→ AVAILABLE DATA:

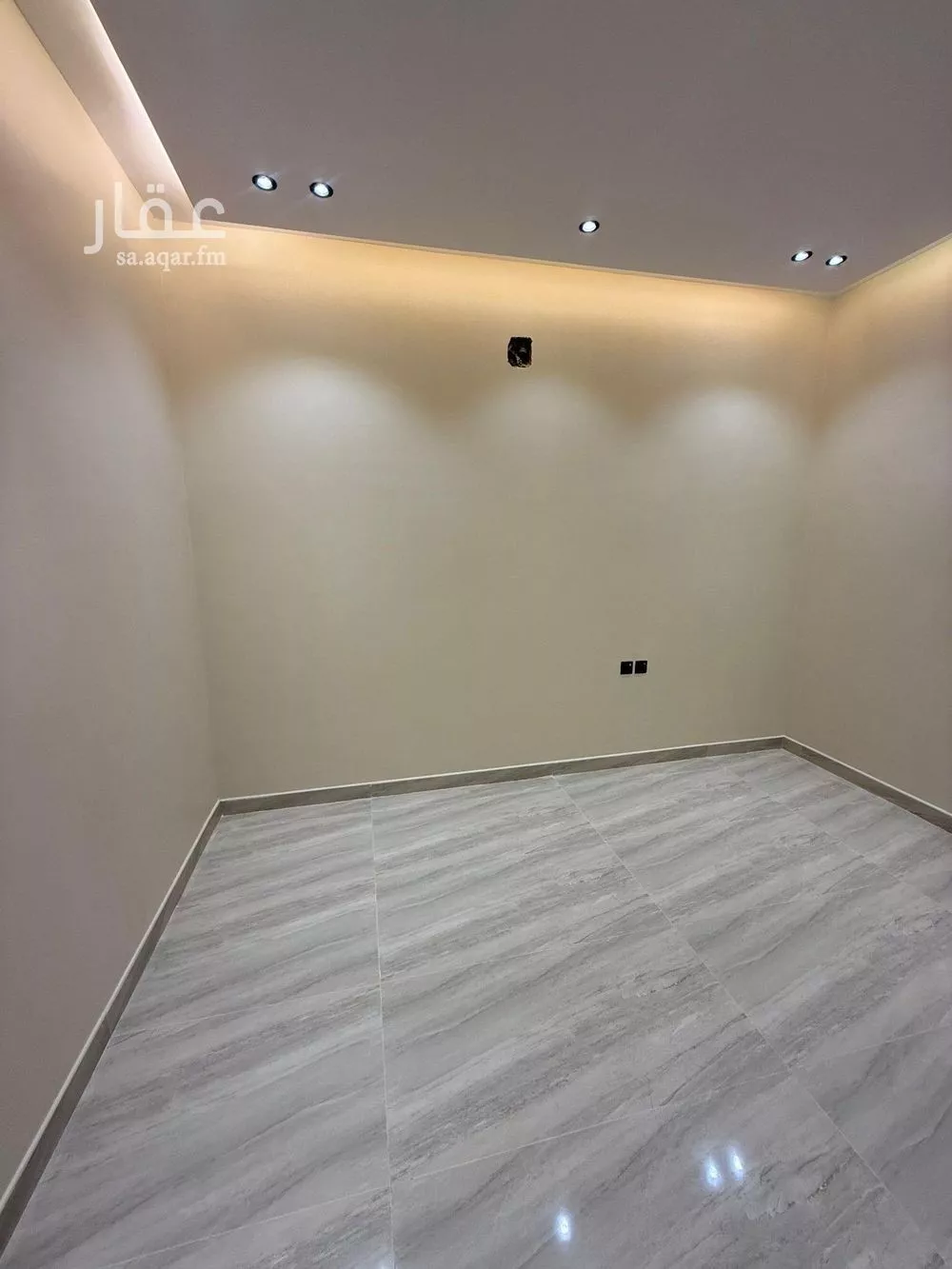 فيلا 6 غرف في العريجاء الغربية 5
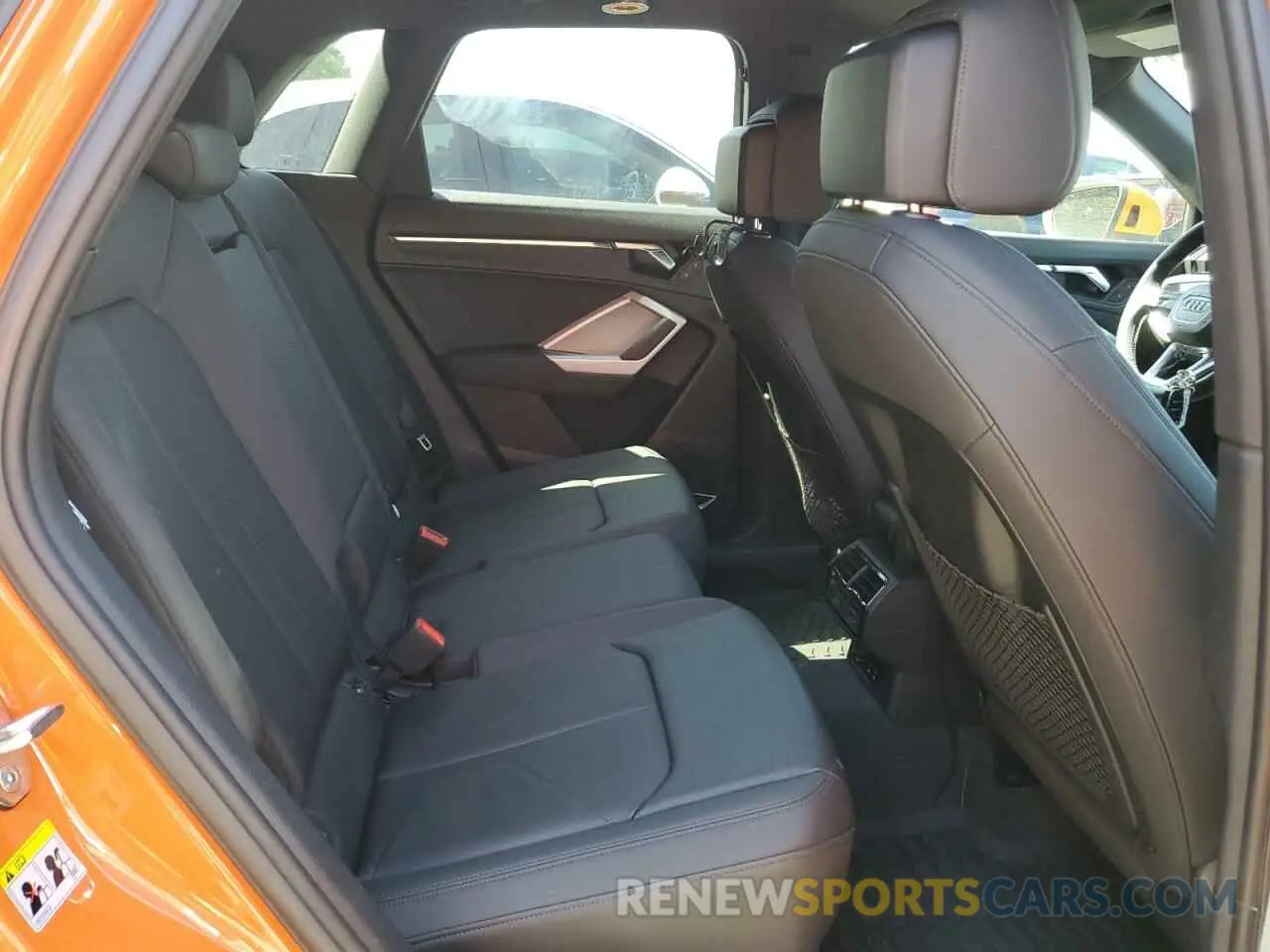 11 Фотография поврежденного автомобиля WA1EECF39L1119457 AUDI Q3 2020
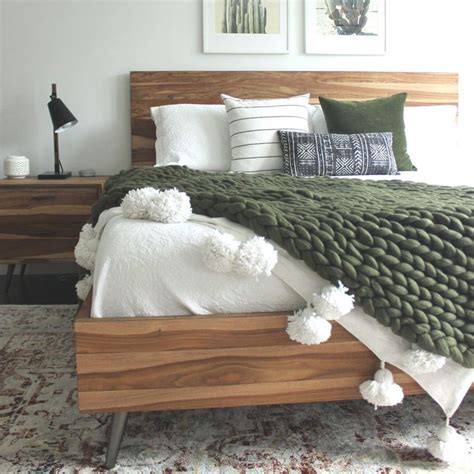 Download moss green bedroom interior photos by bialasiewicz. Moss green throw | 100% organic merino wool | handmade ...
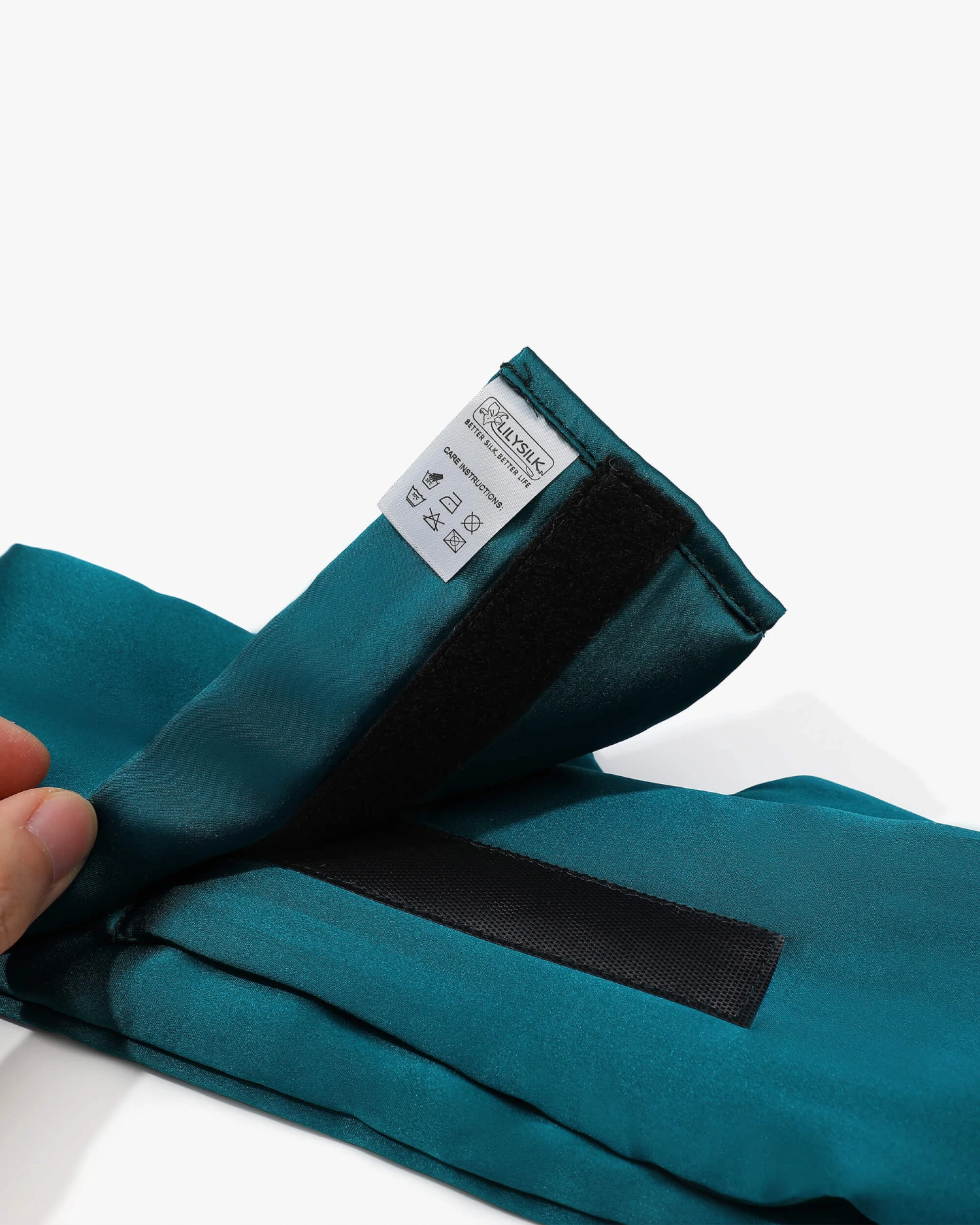 Elegant One Piece Silk Sleep Eye Mask - Image 18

→ TASK DESCRIPTION: The answer should contain all the material above, copied exactly, and no images.

→ EXERCISE SOLUTION:
 فيلا 6 غرف في العريجاء الغربية 5
 11 Фотография поврежденного автомобиля WA1EECF39L1119457 AUDI Q3 2020
 Download moss green bedroom interior photos by bialasiewicz. Moss green throw | 100% organic merino wool | handmade ...
 Elegant One Piece Silk Sleep Eye Mask - Image 18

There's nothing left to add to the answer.